3 Years After the Alice Case at the Supreme Court the Plague of Software Patents is Easier to Cope With

Posted in America, Courtroom, Patents at 3:18 pm by Dr. Roy Schestowitz

YOU DON'T PURSUE SOFTWARE PATENTS WHEN THE COURTS KEEP REJECTING THEM

Summary: Litigation figures are down, rejection rates of software patents remain high, and only spin (e.g. cherry-picking) or constant lobbying can save those who used to profit from software patents

THE USPTO had granted a lot of software patents before Alice (it happened almost exactly 3 years ago) and it also continues to grant some. But courts are not tolerating these and this impacts the confidence level of companies that pondered suing with such patents. Later tonight we will focus on anti-Alice motions, but first, in the interests of chronology, let’s look at some recent developments related to software patents.

“Patents on MP3 Format Due to Expire” said a headline today. Actually, that mischaracterises somewhat what has just happened (we wrote about it several times this month). Still, it could be worse! We’ve just seen literally dozens of articles like these [1, 2, 3, 4] (on a Sunday!), claiming very wrongly that MP3 is “dead”… simply because patents expired. Fact-checking not needed anymore? It’s obvious that only the patents are dead (expired); that does not mean the format is dead. If anything, it’s now legally safer to use and it might spread more broadly as a result. We can’t help but wonder if dozens of headlines today (we saw a similar one about a week ago) claiming that MP3 now “dead” are part of a plan (or PR strategy) to move us all to newer, PATENTED formats (evergreening). “Vinyl has outlived the MP3″ says one headline, but who said MP3 is dead? It’s not. To quote the better among these otherwise-terrible articles:

MP3 took off in the late 90s as the digital music format. It then proceeded to slaughter the CD, and launch the file sharing revolution as well. It’s a proud format that has roots stretching all the way back to the early 1980s, when the possibility of sending music over ISDN lines was first considered. Now the patents on it are beginning to expire and its licencing program has been terminated.

[...]

However, now that more of the relevant patents are expiring, you can now expect MP3 support to be baked into more software.
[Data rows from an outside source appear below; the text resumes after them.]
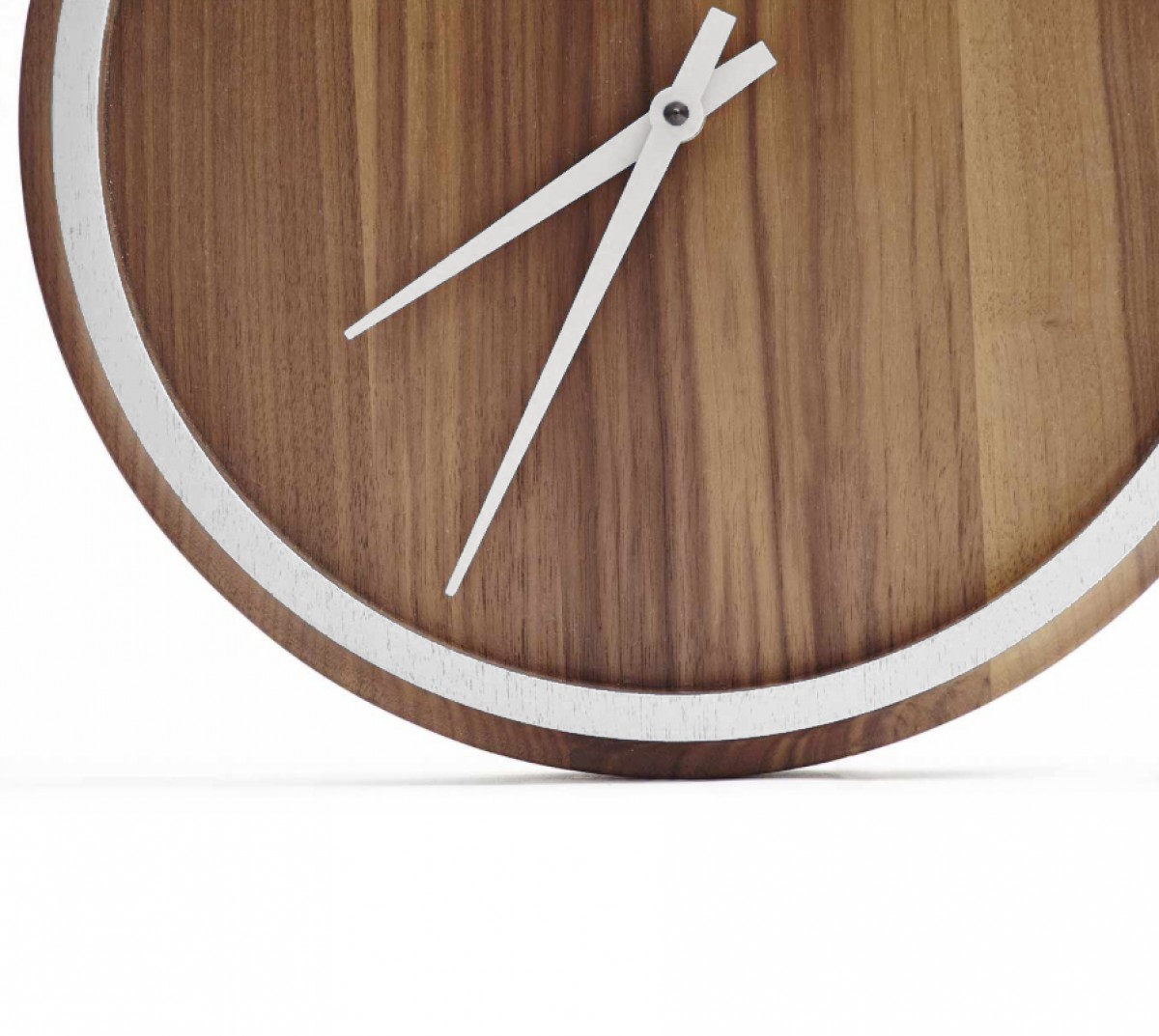 OTONO-DESIGN Wanduhr Madera Nussbaum
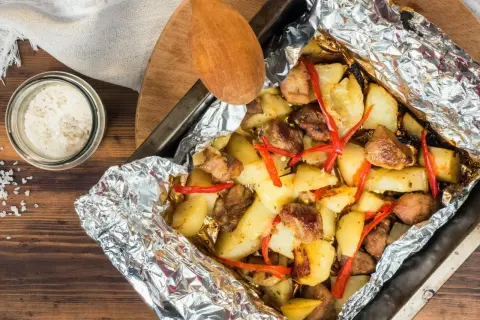 Szybki obiad z ziemniakami i mięsem, pieczony w folii aluminiowej z papryczką chili.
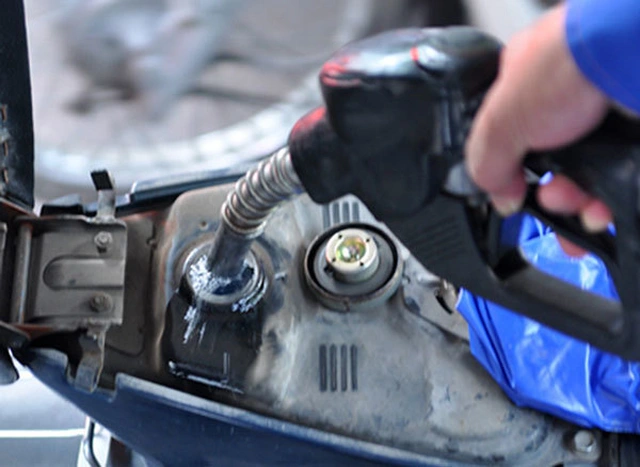Việc tự động ngắt của cò bơm xăng cực kỳ quan trọng trong việc đảm bảo an toàn cho chủ xe 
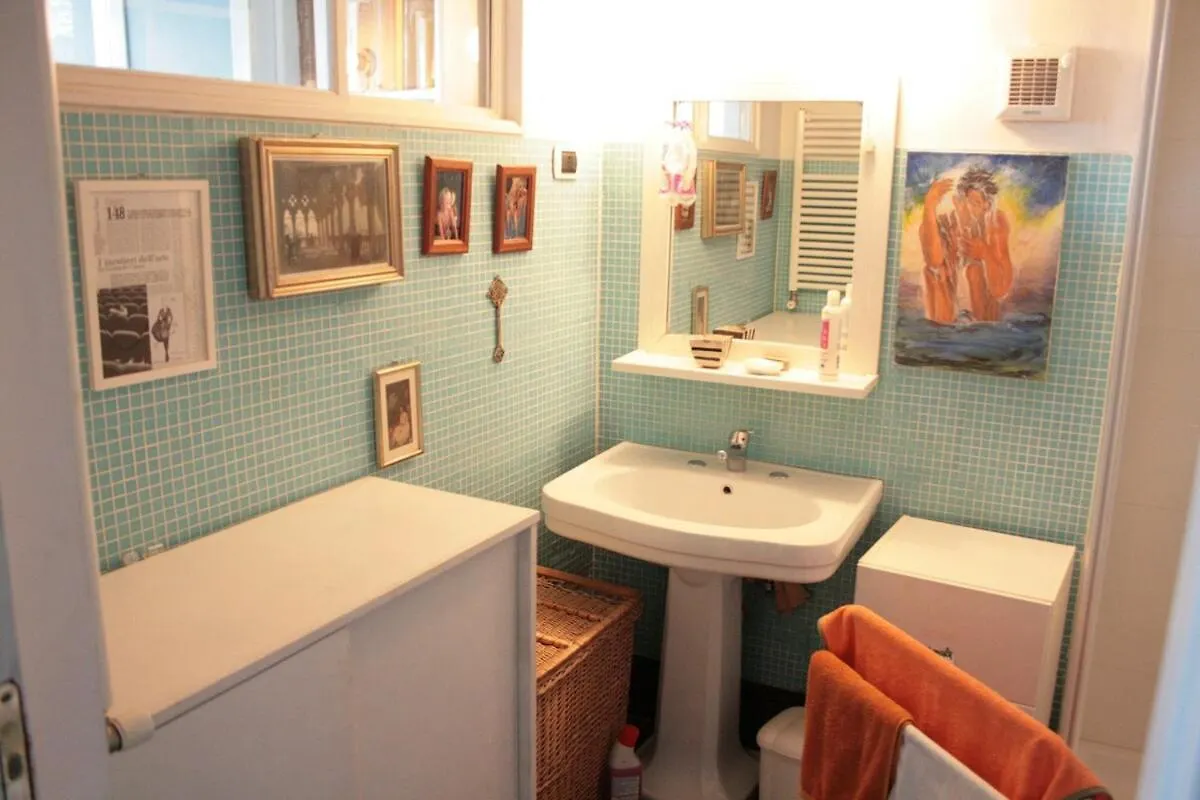 Ferienwohnung Cozy 4Th Floor In Monti Neighborhood Rom Apartment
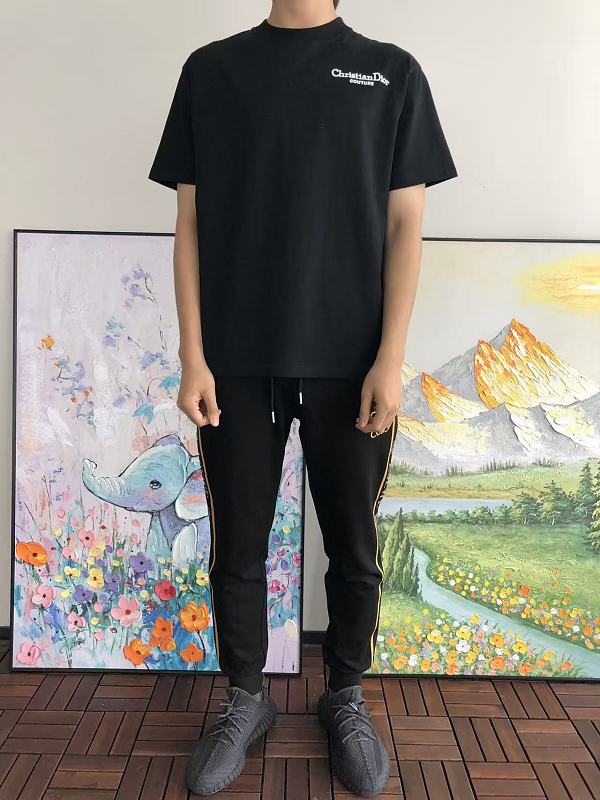 D O T-shirt · 3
It may be more than a little late, with more advanced audio formats beginning to take over, but it’s great to know that Fedora, for one, is starting to include MP3 support with their releases.

Yes, so if anything, MP3 might now spread even further and faster. It’s not dead. What’s dead are the horrible software patent which harmed the adoption of MP3. One has to wonder if at least some of these patents could be invalidated using Alice. We’ll never know now, will we?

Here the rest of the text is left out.